Please reproduce the listing below exactly, leaving out every picture.

*** Opening of Data ***

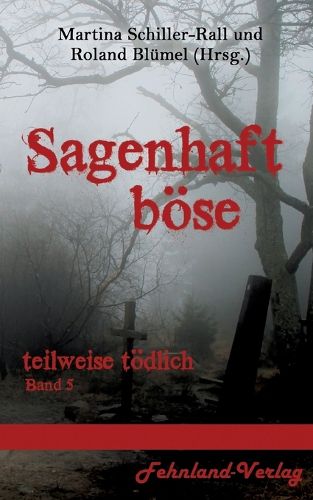 Cover image for Sagenhaft Boese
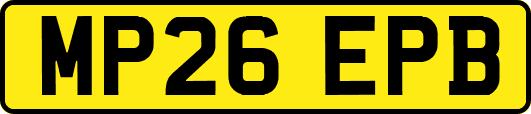 MP26EPB
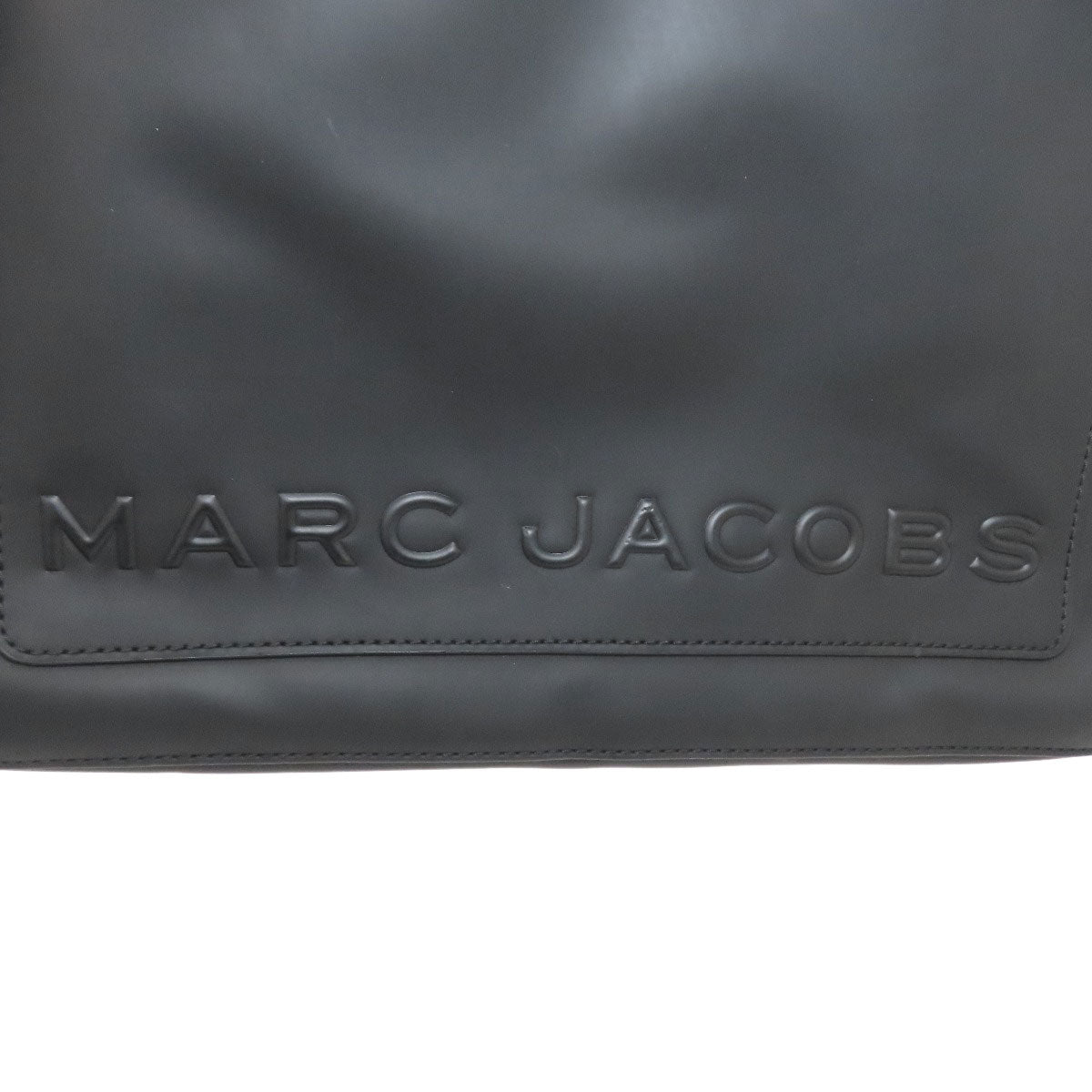 MARC JACOBS マーク・ジェイコブス PCケース 2WAY ビジネスバッグ ナイロン レディース 中古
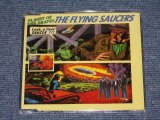 画像: FLYING SAUCERS - PLANET OF THE BDRAPES / 1987 HOLLAND Brand New CD  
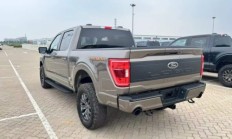 成都平行进口福特F-150美版限时优惠6万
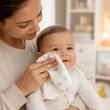 دستمال صورت نوزاد کارامل Caramell کد2408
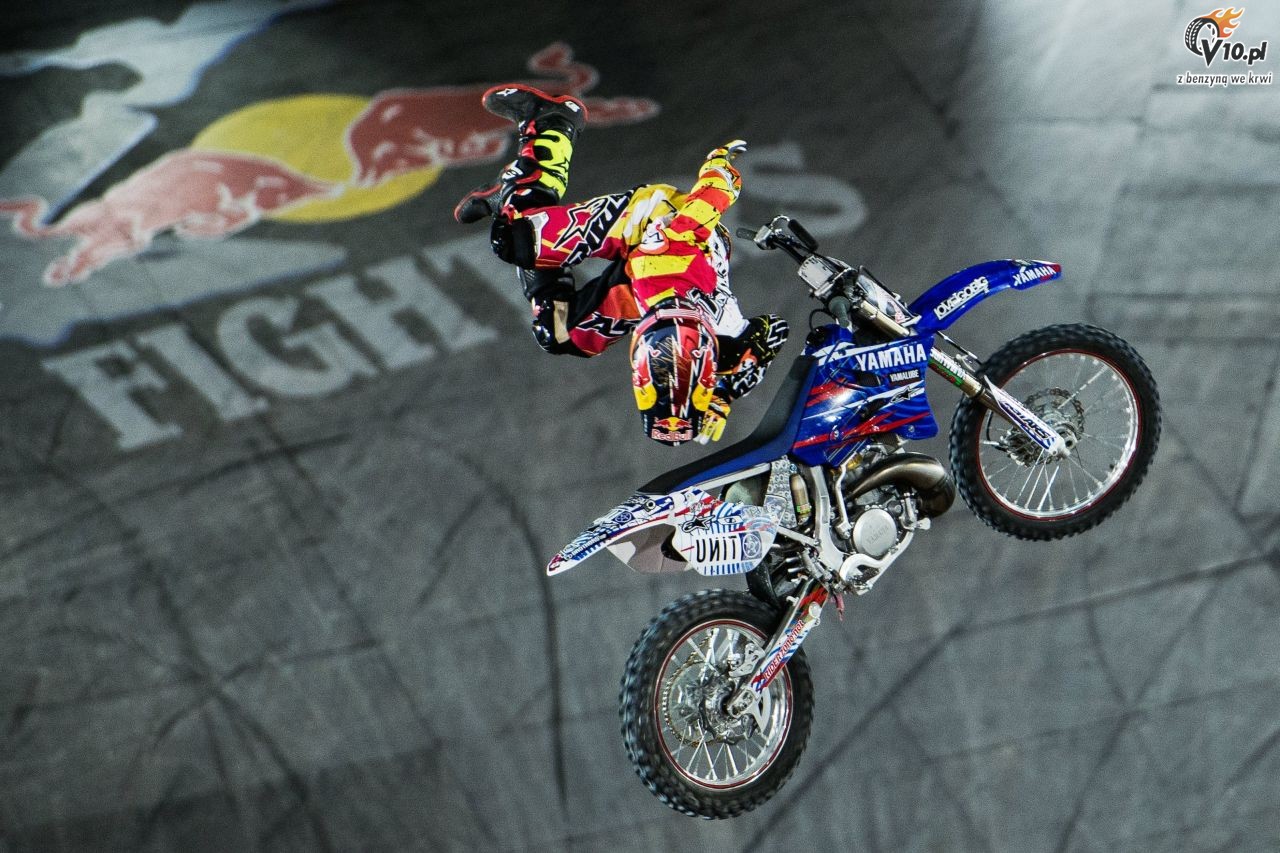 Red Bull X-Fighters - Meksyk 2014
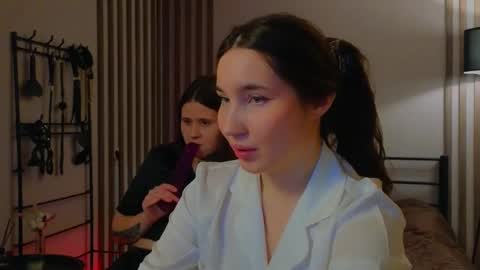 Snapshot of may_dani chatting on 03-02-25, 05:01 Dani and May online show from 03-02-25, 05:01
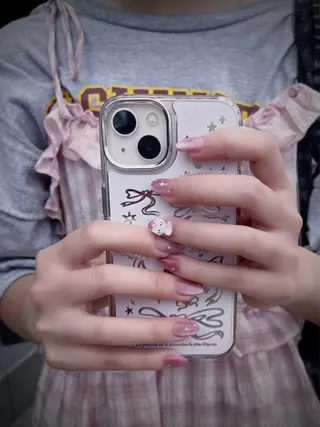 ネイル nine.🦋 YUKOのネイルデザイン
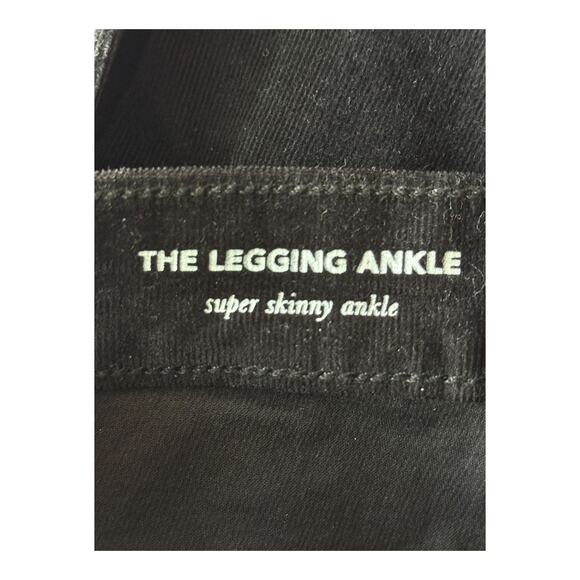 AG Adriano Goldschmied jeans The Legging Ankle Super Skinny ankle size 24 NEW - Picture 5 of 7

*** Close of Data ***

## Task response:
 Cover image for Sagenhaft Boese
 MP26EPB
 MARC JACOBS マーク・ジェイコブス PCケース 2WAY ビジネスバッグ ナイロン レディース 中古
 画像: FLYING SAUCERS - PLANET OF THE BDRAPES / 1987 HOLLAND Brand New CD  
 成都平行进口福特F-150美版限时优惠6万
 دستمال صورت نوزاد کارامل Caramell کد2408
 Red Bull X-Fighters - Meksyk 2014
 Snapshot of may_dani chatting on 03-02-25, 05:01 Dani and May online show from 03-02-25, 05:01
 ネイル nine.🦋 YUKOのネイルデザイン
 AG Adriano Goldschmied jeans The Legging Ankle Super Skinny ankle size 24 NEW - Picture 5 of 7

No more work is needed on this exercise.